Would you rather have great reviews but average sales or great sales but average reviews?
I'd much rather have great sales and average reviews.

A review is the opinion of one, single person. Not everyone likes the same things. Personally, I pay zero attention to reviews for books I want to read. If a book is by an author I like, sounds interesting, is suggested to me by someone close to me, or has an interesting title or premise, I'll probably read it. Honestly, I couldn't care less what someone I don't know and have never met thought of the book. Reviews have become a necessary evil in the publishing business because so many people do pay attention to them. Personally, all book reviews are to me is a sales tool. If a review isn't for my own book, I'm not likely to bother reading it.
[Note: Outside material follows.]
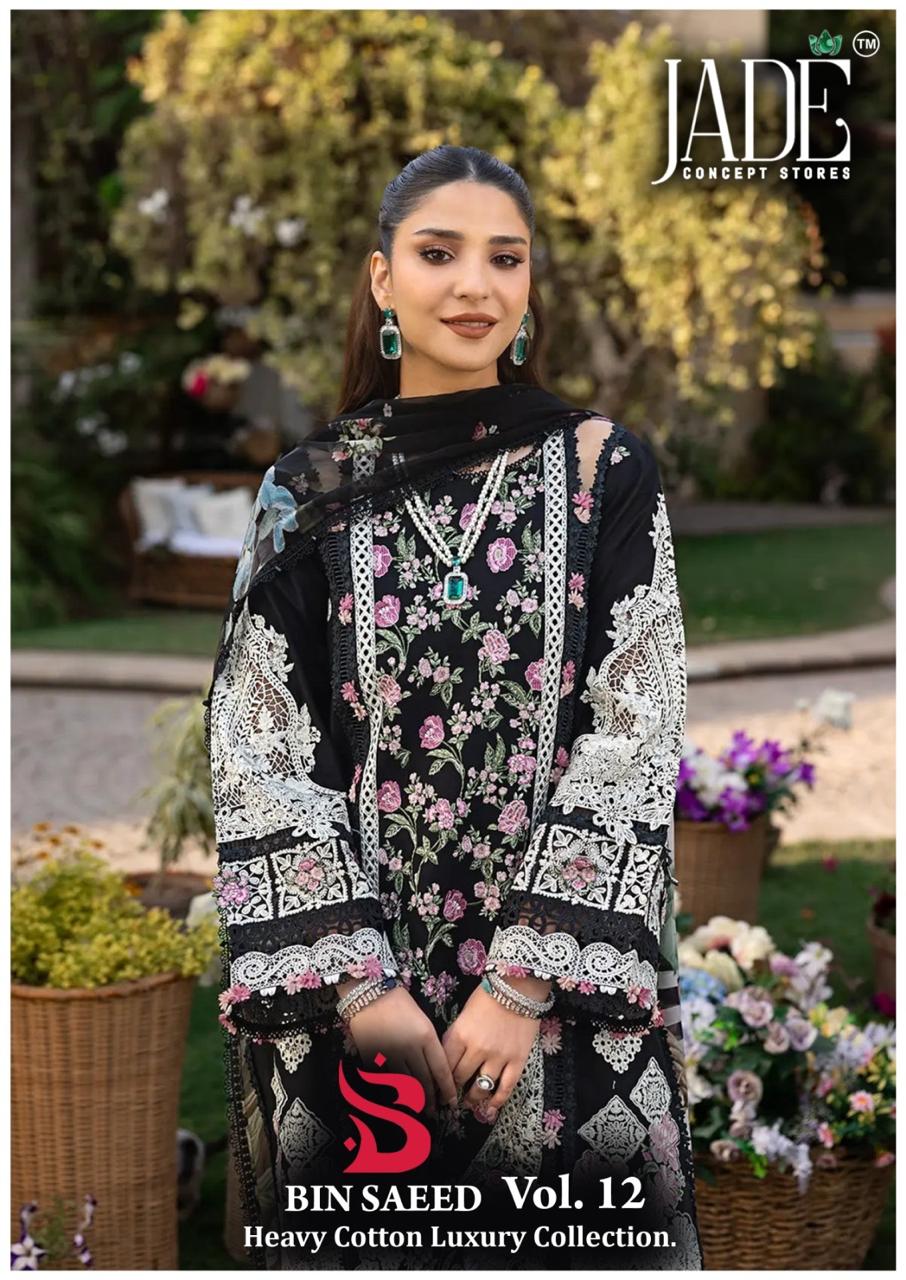 Jade Bin Saeed Vol-12 Wholesale Heavy Cotton Luxury Collection Dress Material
Apart from yourself, which other indie author would you recommend to readers and why?
Desirée Lee, of course! I don't say that simply because she's my fiancée, or that we're getting married in the summer of 2013, or that we're expecting the birth of our first child in the summer of 2013. I have to recommend Desirée Lee because she's a fantastic author! She writes solid plots, interesting characters and twists and turns that keep readers on their toes—metaphorically speaking! Desirée is a great talent and I fully enjoyed every word of her writing. Her website is:

Why should people buy your book, Quintana Roo, Yucatan?
"Quintana Roo, Yucatan" is, I think, the best book I've ever written. As stated in the answer to the first question in this interview, it's the longest thing I've ever written. That page-count allowed for a lot of characterization and plot development. Though I wrote the book, there are scenes that make my heart pound when I read them. There's also a twist in the book that has been deemed "brilliant" by a film producer who has expressed interest in a movie adaptation of "Quintana Roo, Yucatan". Anyone who likes to read action/adventure ought to enjoy the book. As mentioned at the beginning of this interview, "Quintana Roo, Yucatan" received a nomination in the Paranormal Romance Guild's 2012 Reviewers' Choice Awards in the action/adventure category. It took second place.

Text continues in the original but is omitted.